The second featured article is by Per I. Arvidsson, Kristian Sandberg and Karin Forsberg-Nilsson of the Karolinska Institute and Uppsala University, Sweden is entitled: “Open for collaboration: an academic platform for drug discovery and development at SciLifeLab”. This deals with how SciLifeLab provides industry-standard platforms to facilitate drug discovery in the academic sector in Sweden. They overview their first 2 years of operation in order to highlight and share best practices on a global basis. The article also discusses the Swedish Teacher Exemption Law, how it has impacted on the initiative and developed the overall process. Furthermore, they describe how best to facilitate collaboration for the benefit of patients.

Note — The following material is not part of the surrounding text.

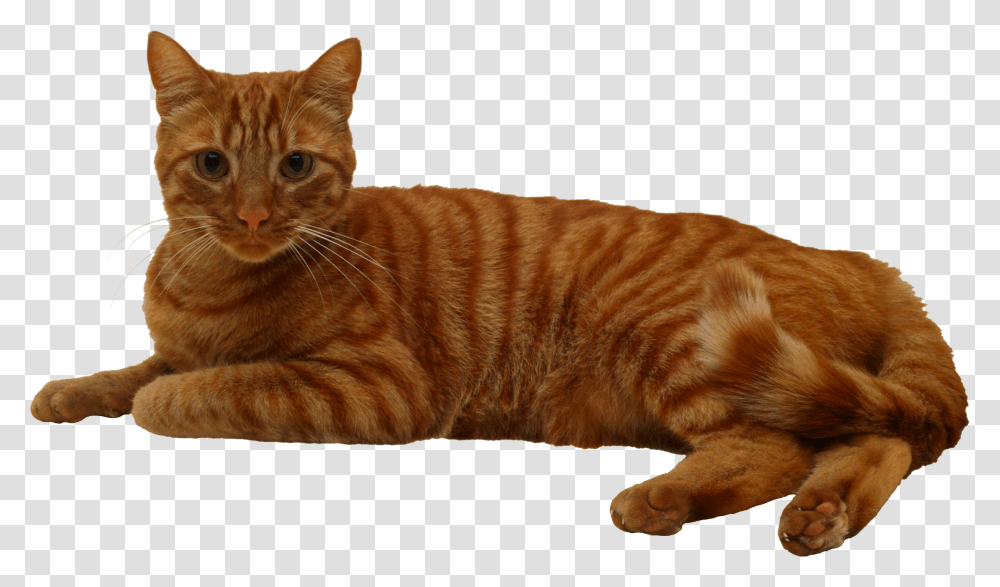 Cat, Animals, Manx, Pet, Mammal Transparent Png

Next, from Ajay Gautam, of AstraZeneca comes a short paper entitled: “The changing model of big pharma: impact of key trends”. The author outlines how, in the last few years, the Pharmaceutical industry has been highly successful in terms of discovering and developing phenomenal advances in drugs for the treatment of a range of diverse diseases, this has come with equally great challenges with respect to pricing and reimbursement. He has analysed data from the last 20 years and has identified 4 key themes driving change in strategic direction and the impact of emerging markets in terms of revenue generation.
Last, but by no means least, is the article “Transparency in drug regulation: public assessment reports in Europe and Australia” from Peter Papathanasiou, Laurent Brassart, Paul Blake, Anna Hart, Lel Whitbread, Richard Pembrey and Jill Kieffer from the Therapeutic Goods Administration, Australia and the European Medicines Agency, London, UK. They describe the experiences of both agencies with respect to publishing public assessment reports and how they may most effectively disseminate information related to medicine to the general public. Valuably, they discuss European Public Assessment Reports (EPARs) and Australian Public Assessment Reports (AusPARs) and provide information about the considerations that led the particular regulator to approve or refuse the application.
Steve Carney was born in Liverpool, England and studied Biochemistry at Liverpool University, obtaining a BSc.(Hons) and then read for a PhD on the Biochemistry and Pathology of Connective Tissue Diseases in Manchester University, in the Departments of Medical Biochemistry and Histopathology. On completion of his PhD he moved to the Kennedy Institute of Rheumatology, London, where he worked with Professor Helen Muir FRS and Professor Tim Hardingham, on the biochemistry of experimental Osteoarthritis. He joined Eli Lilly and Co. and held a number of positions in Biology R&D, initially in the Connective Tissue Department, but latterly in the Neuroscience Department. He left Lilly to take up his present position as Managing Editor, Drug Discovery Today, at Elsevier. Currently, he also holds an honorary lectureship in Drug Discovery at the University of Surrey, UK. He has authored over 50 articles in peer-reviewed journals, written several book chapters and has held a number of patents.